(DATA SEGMENT Opens)
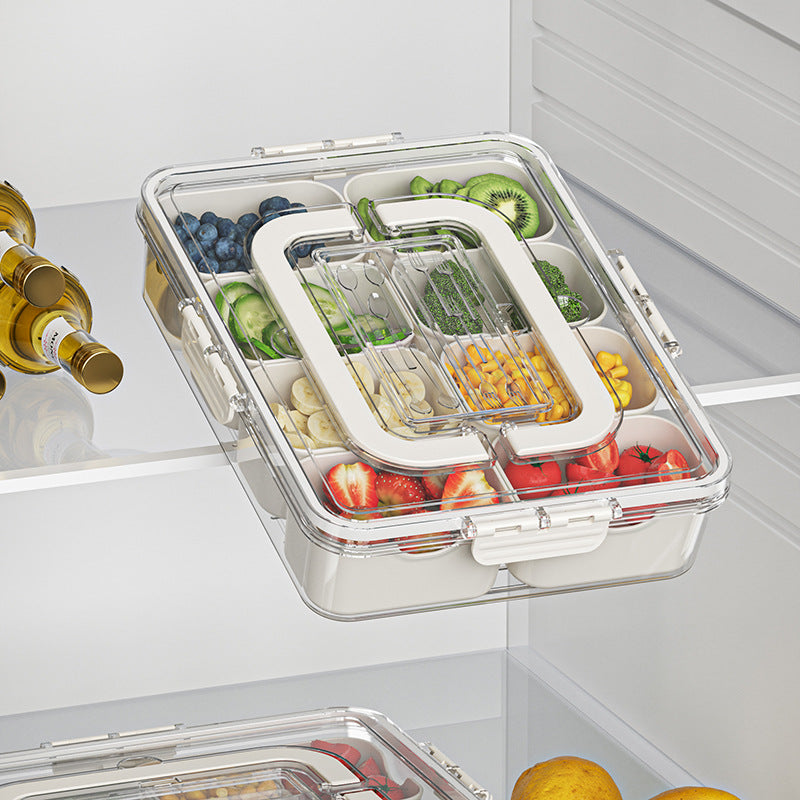 8-Compartment Divided Serving Tray with Lid – Snack Box & Fridge Organizer for Fruits, Veggies & Food Storage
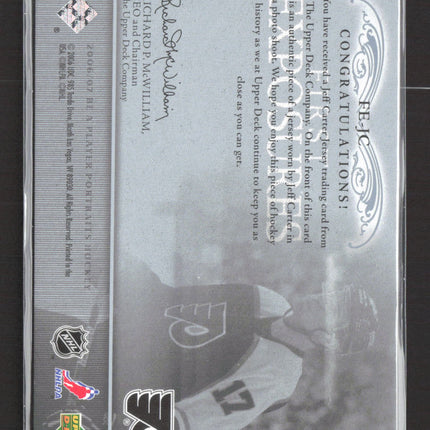 2006 Upper Deck Be A Player First Exposures Jeff Carter #FE-JC Jersey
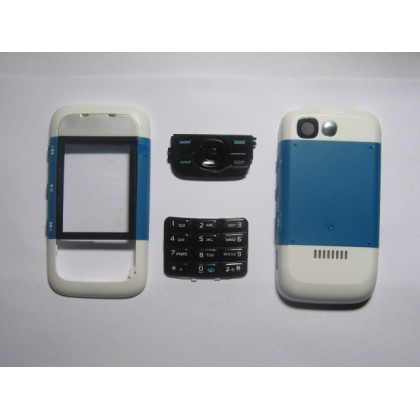 Carcasa Nokia 5300 Albastru/Alb cu tastatura | arhiva Okazii.ro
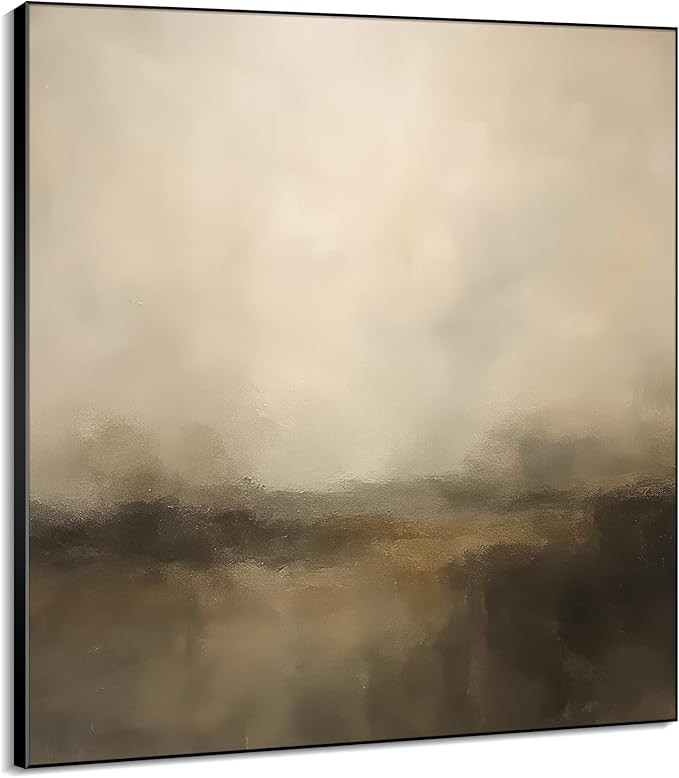 60"x60" XL Framed Wall Art - Neutral Landscape Soft Beige and Brown (Frame Assembly Required) | Amazon (US)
(DATA SEGMENT Closes)
WHAT THE TASK ASKS |
Every line from the one containing "Carcasa Nokia 5300" to the last line of the material must be returned exactly. Leave out any pictures.

RESULT FOR THIS TASK |
 Carcasa Nokia 5300 Albastru/Alb cu tastatura | arhiva Okazii.ro
 60"x60" XL Framed Wall Art - Neutral Landscape Soft Beige and Brown (Frame Assembly Required) | Amazon (US)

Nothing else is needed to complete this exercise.